• **Task item**
Could you retype exactly the lines below between the one holding "Teona Ahşap Çerçeve" and the one holding "Juego de comedor", inclusive, leaving out any pictures?

• **The data**
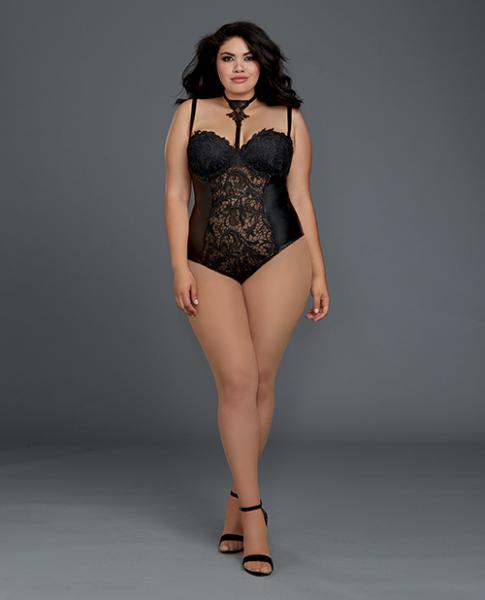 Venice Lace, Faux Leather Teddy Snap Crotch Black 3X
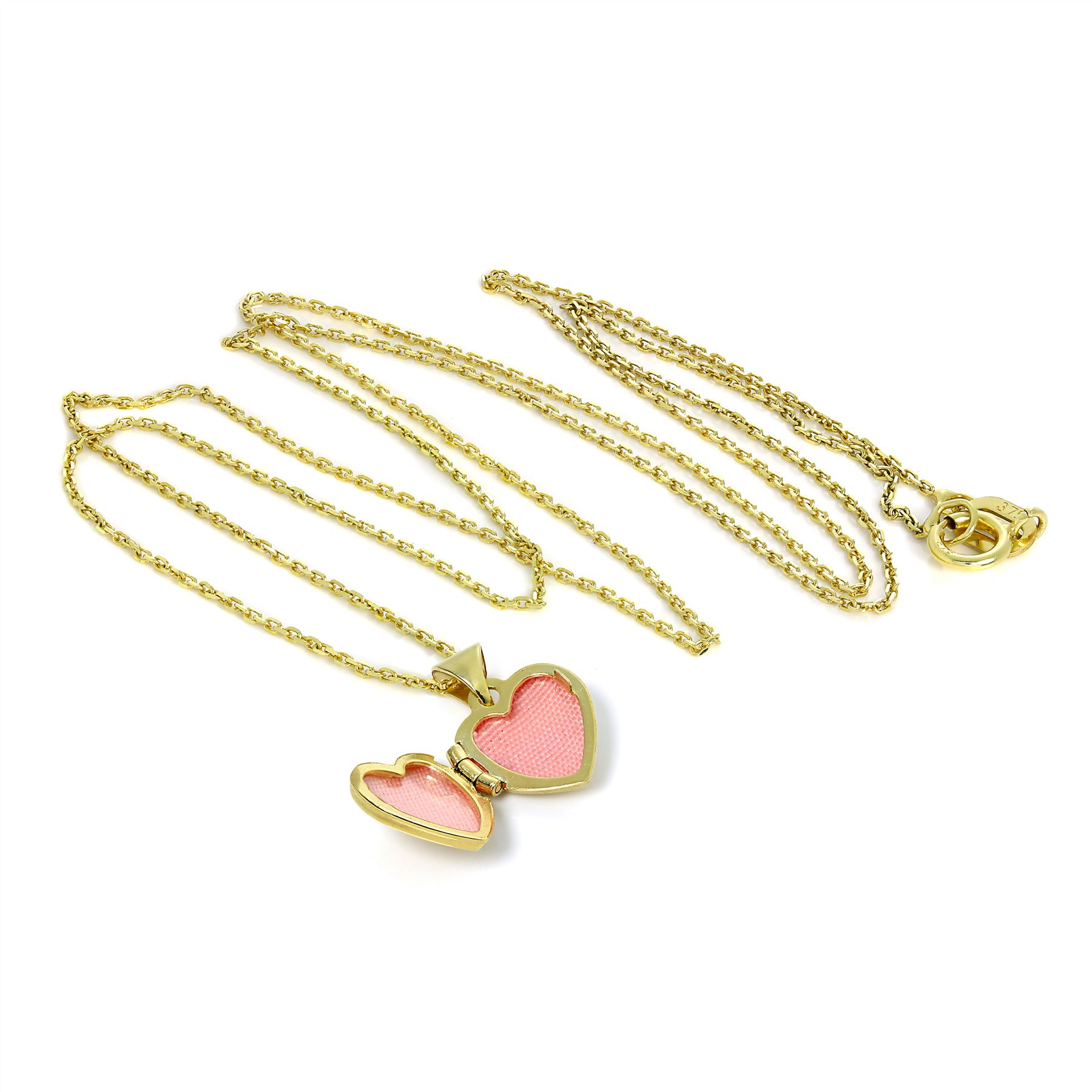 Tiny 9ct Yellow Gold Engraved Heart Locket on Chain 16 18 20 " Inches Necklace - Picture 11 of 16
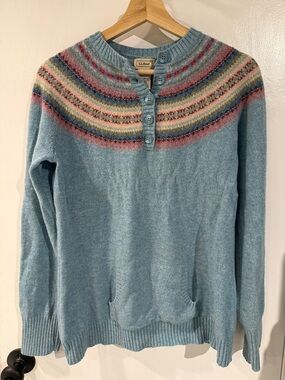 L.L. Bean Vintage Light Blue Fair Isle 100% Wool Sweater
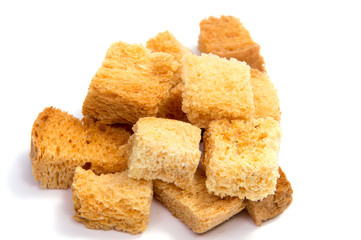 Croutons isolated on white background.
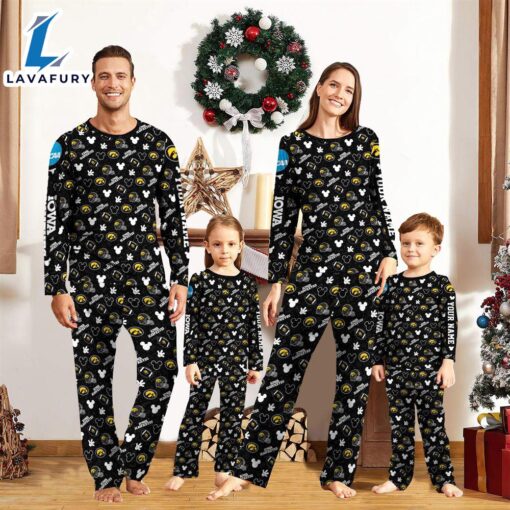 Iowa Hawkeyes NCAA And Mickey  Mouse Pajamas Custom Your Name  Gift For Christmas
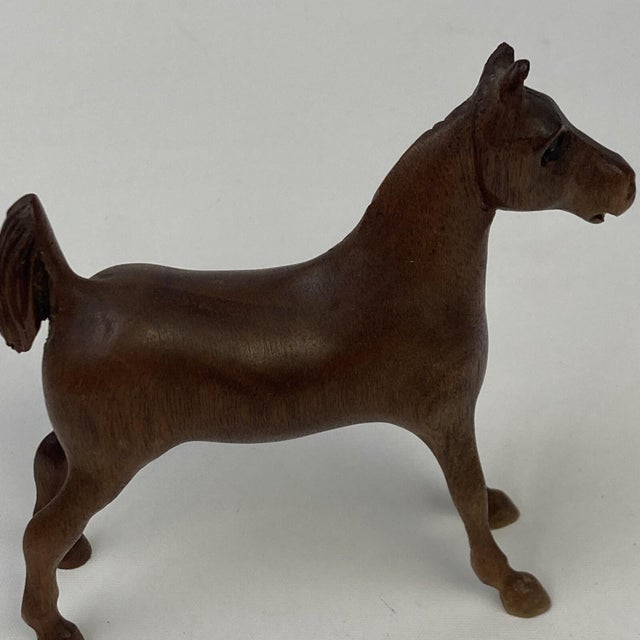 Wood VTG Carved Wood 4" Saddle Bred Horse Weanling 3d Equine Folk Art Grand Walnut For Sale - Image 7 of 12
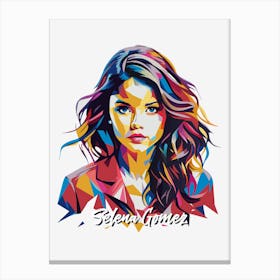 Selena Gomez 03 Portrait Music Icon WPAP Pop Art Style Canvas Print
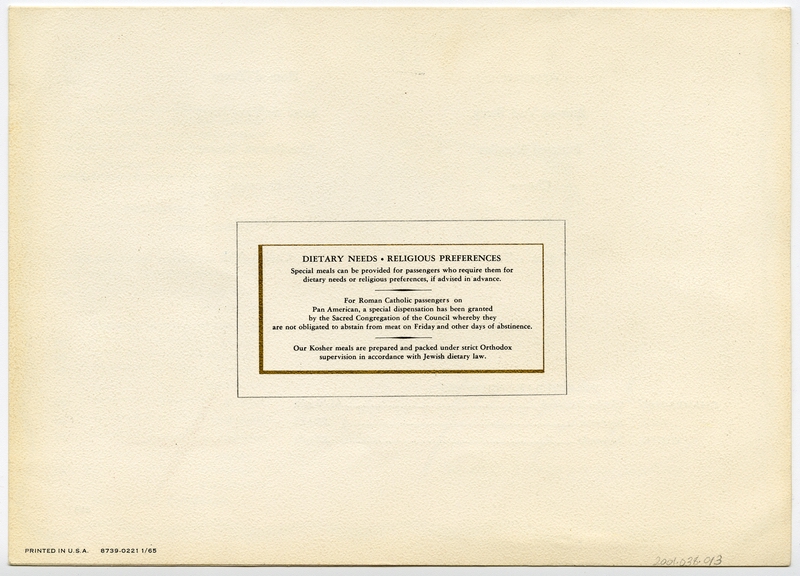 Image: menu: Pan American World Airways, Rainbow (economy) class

...

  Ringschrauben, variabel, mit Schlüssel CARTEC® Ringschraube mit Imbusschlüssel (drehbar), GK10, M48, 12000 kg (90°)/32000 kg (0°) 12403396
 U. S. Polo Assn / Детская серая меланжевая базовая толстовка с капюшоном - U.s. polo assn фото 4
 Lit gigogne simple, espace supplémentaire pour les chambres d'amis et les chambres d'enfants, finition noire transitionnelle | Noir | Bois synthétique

==

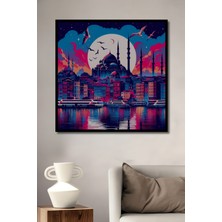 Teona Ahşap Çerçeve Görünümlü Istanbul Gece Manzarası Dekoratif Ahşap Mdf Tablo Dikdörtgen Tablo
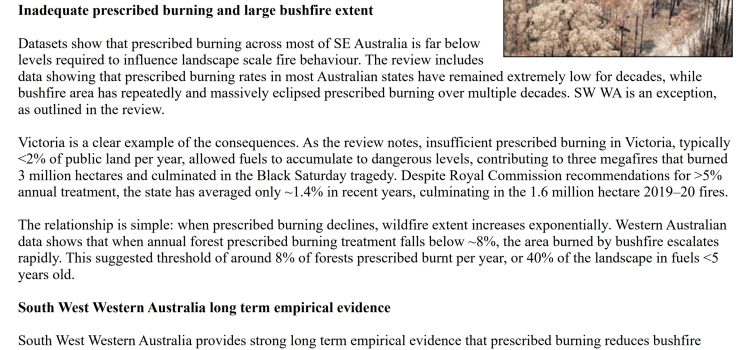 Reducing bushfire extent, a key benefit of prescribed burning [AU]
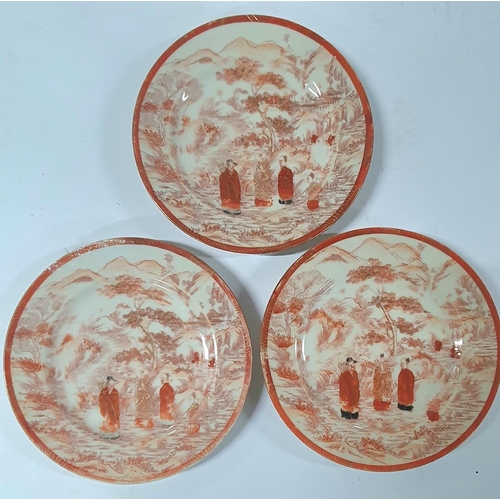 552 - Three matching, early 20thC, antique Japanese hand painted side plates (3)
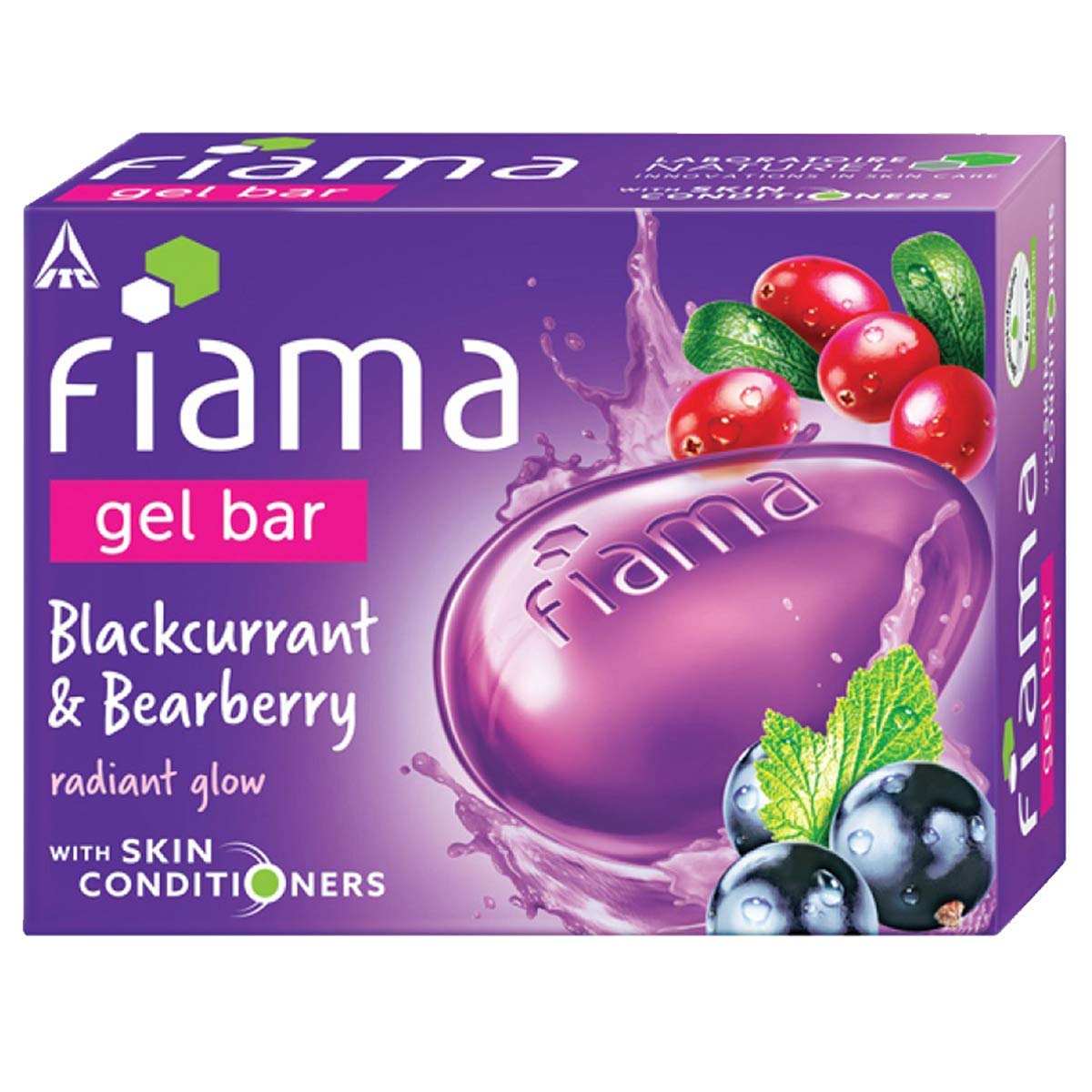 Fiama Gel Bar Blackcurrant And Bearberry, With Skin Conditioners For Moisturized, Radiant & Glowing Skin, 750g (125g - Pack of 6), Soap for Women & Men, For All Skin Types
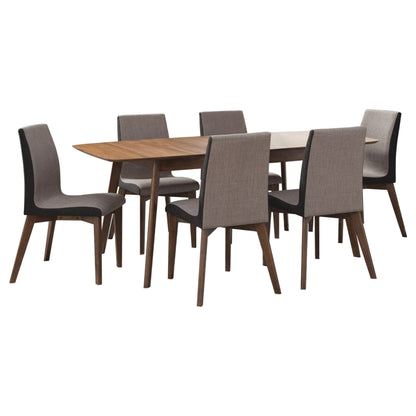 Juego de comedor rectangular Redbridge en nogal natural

• **Answer for the task**
 Teona Ahşap Çerçeve Görünümlü Istanbul Gece Manzarası Dekoratif Ahşap Mdf Tablo Dikdörtgen Tablo
 Reducing bushfire extent, a key benefit of prescribed burning [AU]
 552 - Three matching, early 20thC, antique Japanese hand painted side plates (3)
 Fiama Gel Bar Blackcurrant And Bearberry, With Skin Conditioners For Moisturized, Radiant & Glowing Skin, 750g (125g - Pack of 6), Soap for Women & Men, For All Skin Types
 Juego de comedor rectangular Redbridge en nogal natural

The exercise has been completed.